Wherever the line with "2025 New Women" sits in the listing below, transcribe from it up to and including the line with "Phytochemical-Rich Foods Inhibit", exactly, and leave the remaining lines out.

• Available data:
==*==

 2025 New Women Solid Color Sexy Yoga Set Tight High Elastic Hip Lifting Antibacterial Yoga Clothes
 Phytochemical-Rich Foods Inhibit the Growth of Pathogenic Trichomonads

==*==

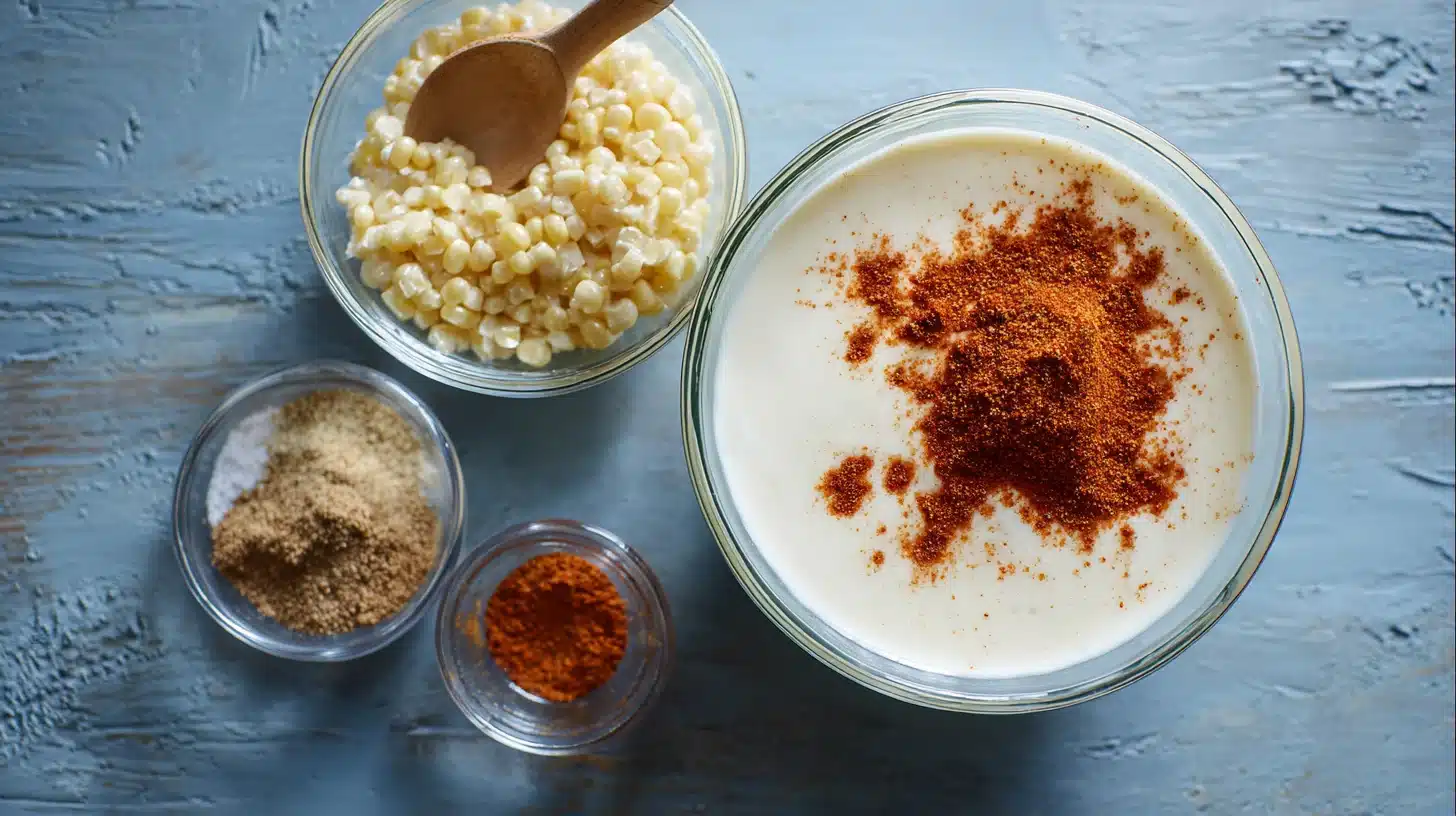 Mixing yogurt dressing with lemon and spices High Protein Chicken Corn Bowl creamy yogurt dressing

==*==

• Result for this task:
 2025 New Women Solid Color Sexy Yoga Set Tight High Elastic Hip Lifting Antibacterial Yoga Clothes
 Phytochemical-Rich Foods Inhibit the Growth of Pathogenic Trichomonads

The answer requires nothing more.